全日空(以下、ANA)の新トレーニングセンター「ANA Blue Base」の運用が開始された。はたしてどんな施設なのか? 漫画家・コラムニストの辛酸なめ子がレポートする。

【写真を見る】最新鋭のフライトシミュレーターも!

2020年6月には一般公開もスタート予定

ふだん見ることができない全日空の総合訓練施設「ANA Blue Base」の内覧会がおこなわれました。
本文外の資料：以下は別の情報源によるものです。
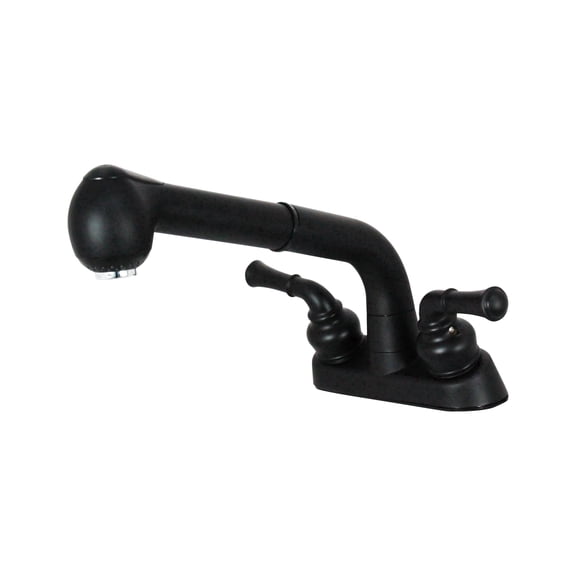 WMF ABS Plastic Matte Black Laundry Faucet, Utility function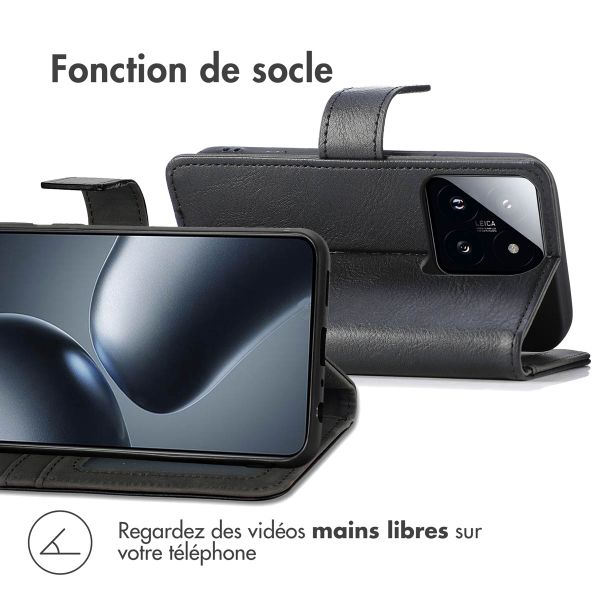 imoshion Étui de télephone portefeuille de luxe Xiaomi 14T Pro - Noir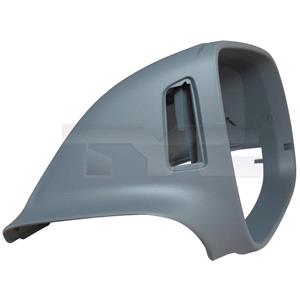 Wing Mirrors, Right Wing Mirror Cover (primed, with gap for blind spot indicator lamp) for AUDI Q5, 2009 2017, 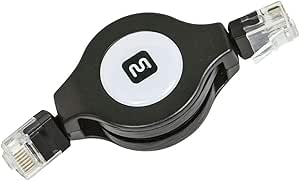 Monoprice 110962 Cat5e Retractable Ethernet Patch Cable 3.5ft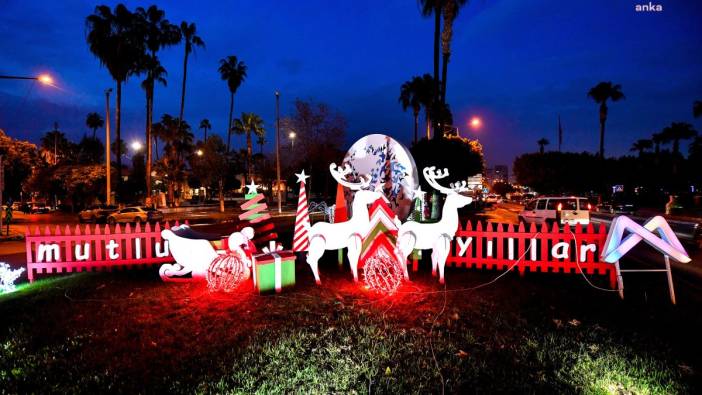 Mersin’i yeni yıl heyecanı sardı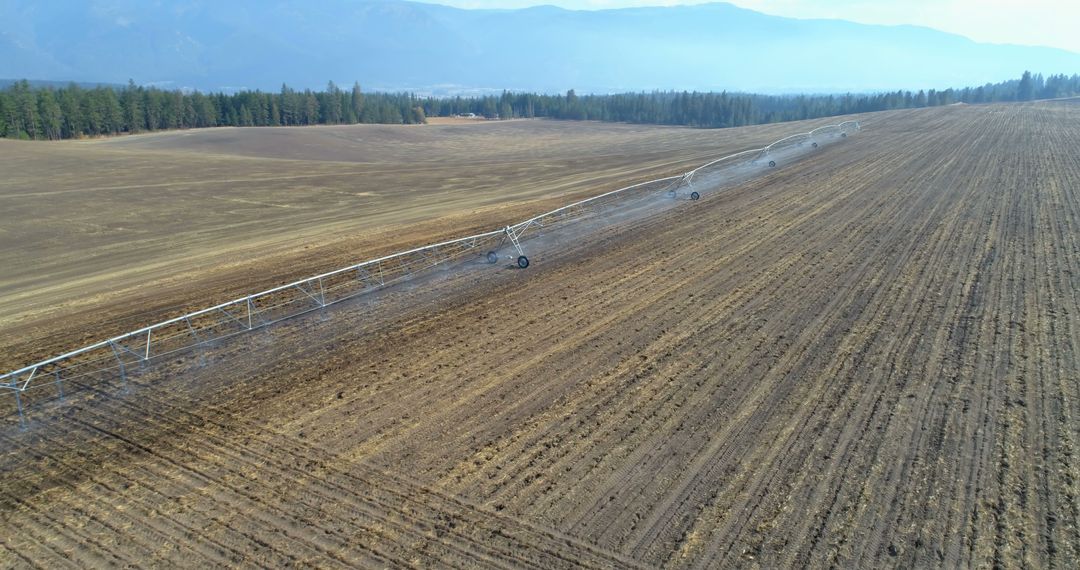 Pivot Irrigation System in Expansive Agricultural Landscape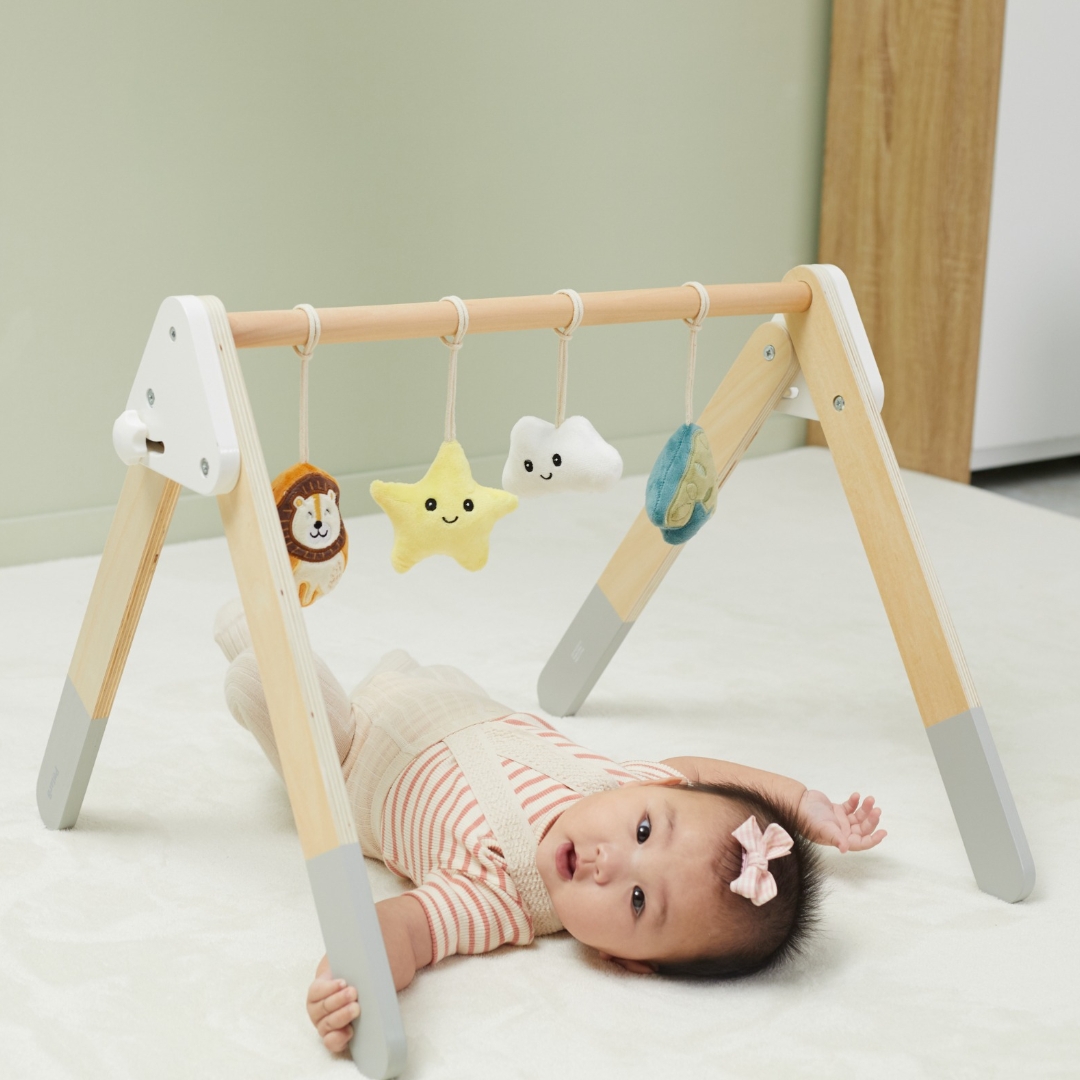 Pałąk stojak dla niemowląt baby gym, zabawka dla dzieci, Viga PolarB
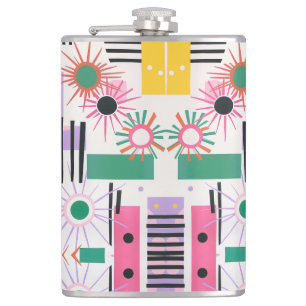 Sun Muster whimsical Flachmann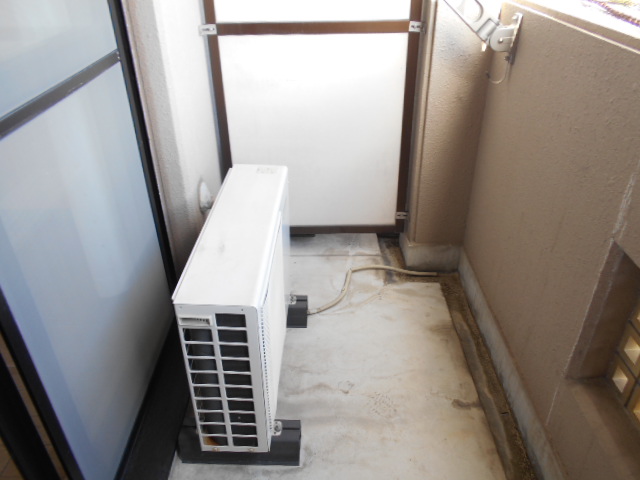 12/28 バルコニー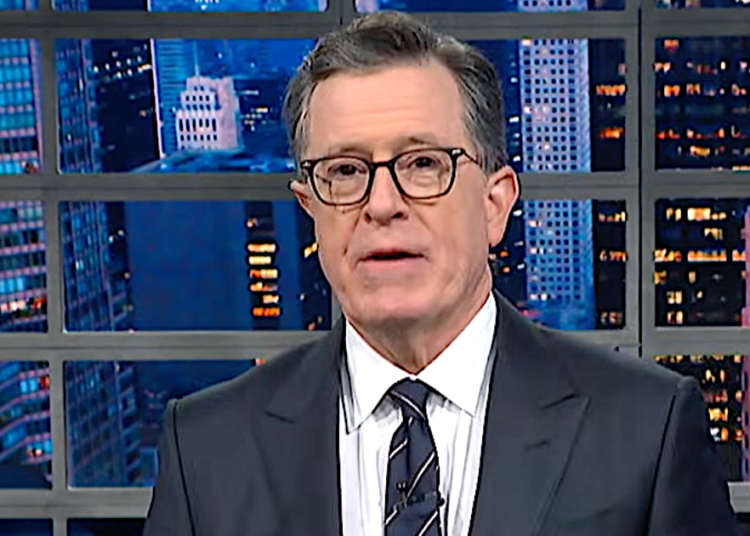 Colbert concorda que Trump cumpriu todos os objetivos. Não, não aqueles.
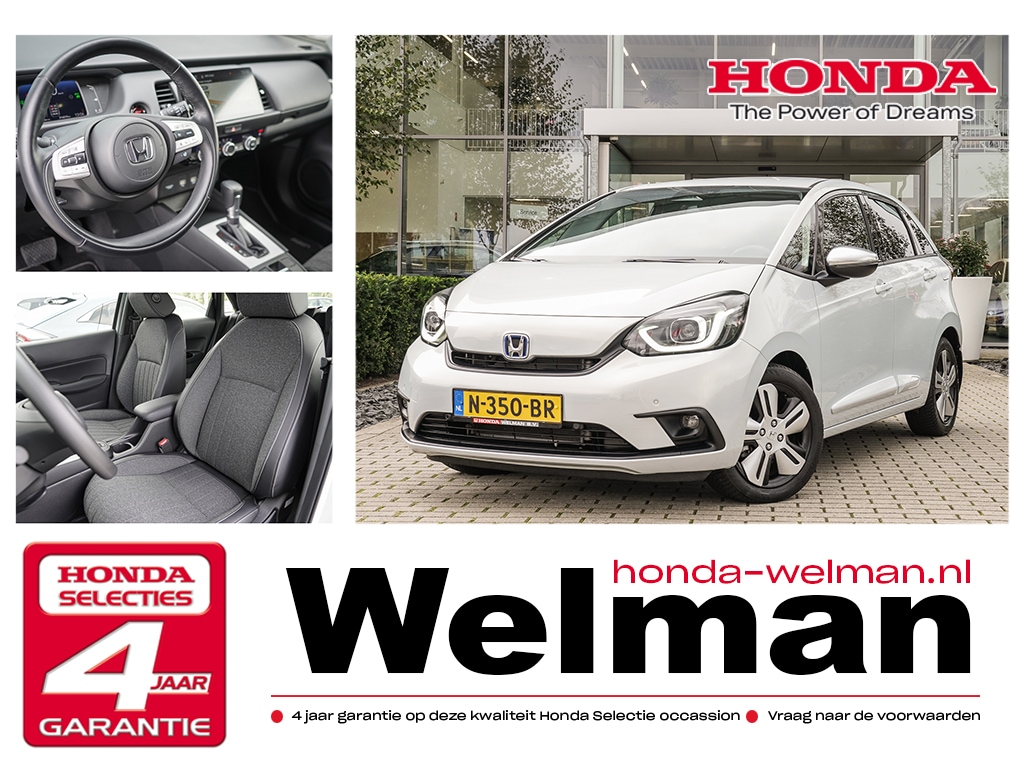Honda Jazz 1.5i e:HEV EXECUTIVE - FULL HYBRID - ALL WEATHERS - SPATLAPPEN - DEURSRIPPEN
安全性を高めるための訓練をおこなう施設に、コワーキングスペースなども設けられている広大な空間で、建物面積6万500平米。ここからイノベーションが創出されていくとのことです。2020年6月の全面運用に向けて施設をさらに充実させ、一般公開される計画があるそうで楽しみです。

建物の平面図を見ると飛行機のような縦長だったり、床に滑走路のような模様があったりと、ところどころ飛行機の高揚感が高まる演出が。内覧会では「整備訓練」「茶室訓練」「フライトシミュレーター」の3カ所を見学できました。

まずは「整備訓練」から。飛行機のエンジンと主脚が置かれている広いスペースで、新人整備士が基礎訓練を受けている様子を見学。

エンジン萌えの人にはたまらない複雑な管や配線が巨大なエンジンに取り付けられています。システムを作動させる作動油や潤滑油が流れるチュープなど、素人には何がどの線かまったくわからないですが、整備士の方々はちゃんと把握して着実に作業していているようでした。

リーダー的な人が「次やることを考えないと。立っているだけじゃなくて自分のいる意味を探して」と、新人さんに声をかけていました。きっと現場では時間との戦いなのでしょう。緊迫感が伝わってきます。

茶道を訓練に導入!

別の緊張感が漂っていたのが「茶室訓練」です。まず「茶室訓練」という単語が字面的にも新鮮で、茶室からの脱出ゲーム的なことをするのかと思ってしまいました。

しかしそんなアトラクションではなく、静かにおもてなしの心を学ぶ施設でした。畳の茶室「和協庵」で、お茶の心得がある客室乗務員が“お茶サポーター”として参加し、インストラクターと共にお茶の所作をデモンストレーション。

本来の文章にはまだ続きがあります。